* [Instructions for the task] The reply should be an exact repeat of the listing, with no pictures in it.

* [Raw data]
++++
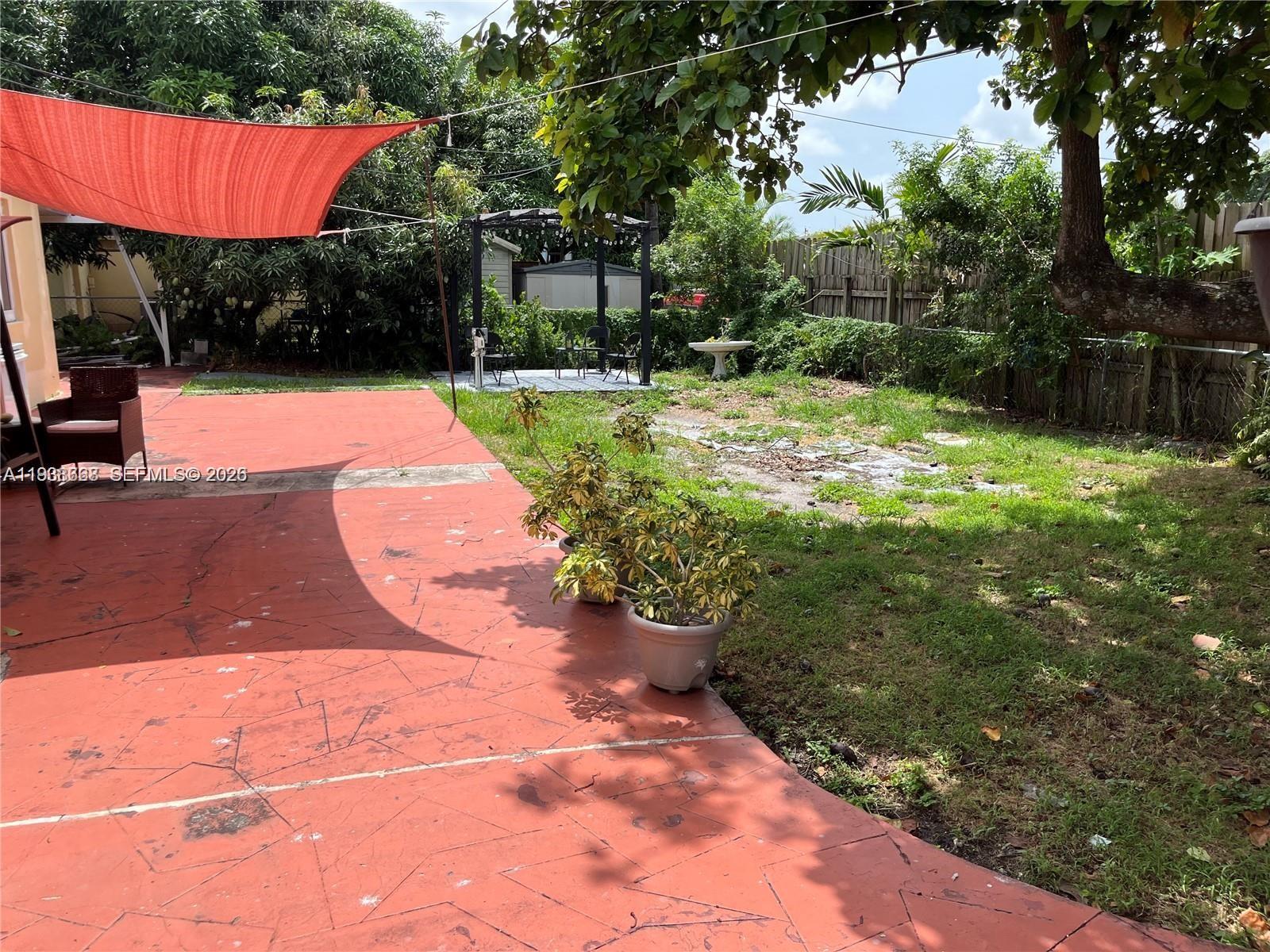 1014 West 68th Street Hialeah, FL 33014 - Photo 30 of 40 a view of backyard with swimming pool and outdoor seating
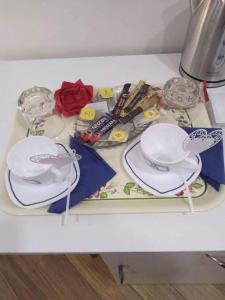 a table with two white plates and glasses on it at Luxury Apartment at Pirosmani 22 in central Borjomi in Borjomi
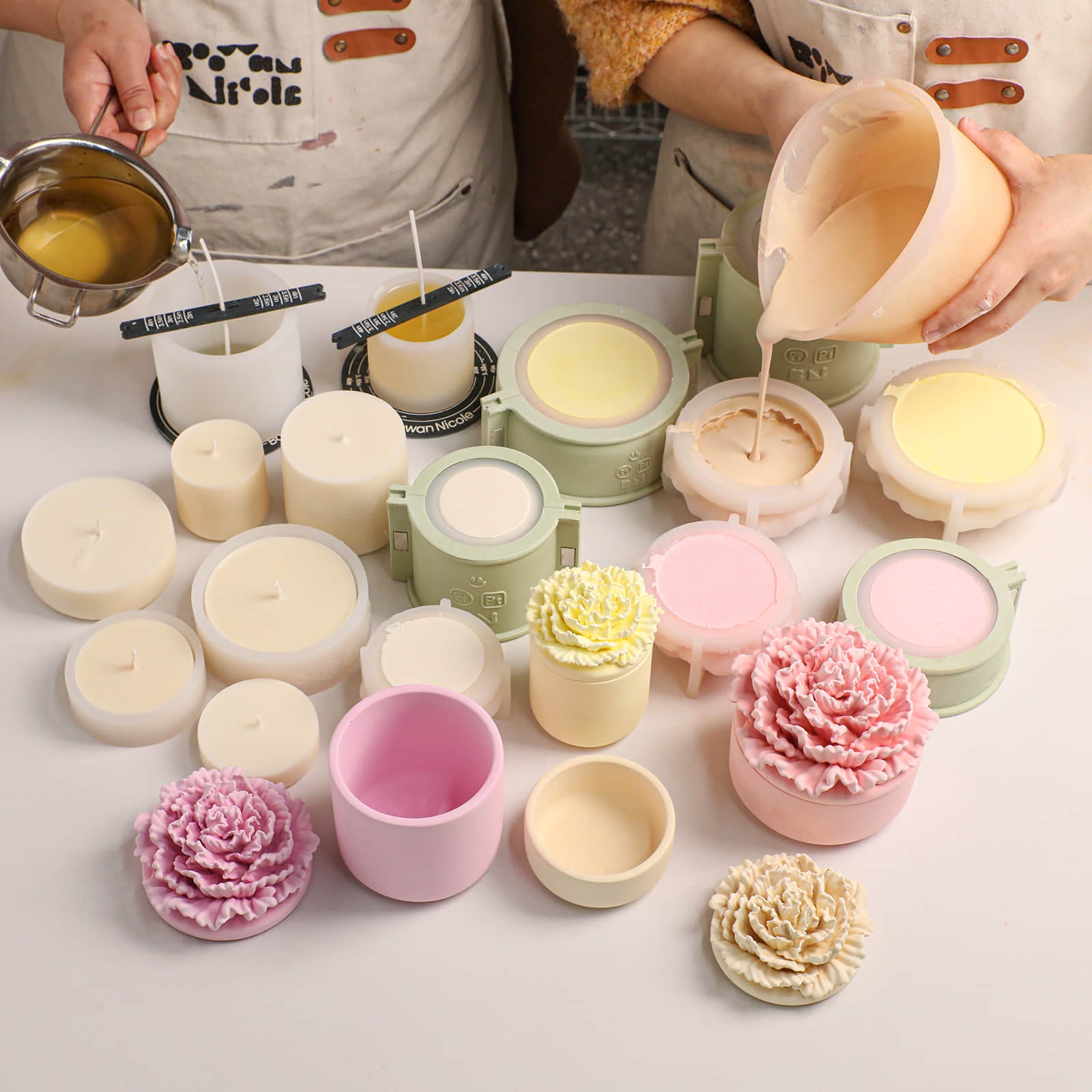 Candle making process: pouring wax into carnation jar molds with finished crafts on the table -Boowan Nicole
++++
* [Answer box]
 1014 West 68th Street Hialeah, FL 33014 - Photo 30 of 40 a view of backyard with swimming pool and outdoor seating
 a table with two white plates and glasses on it at Luxury Apartment at Pirosmani 22 in central Borjomi in Borjomi
 Candle making process: pouring wax into carnation jar molds with finished crafts on the table -Boowan Nicole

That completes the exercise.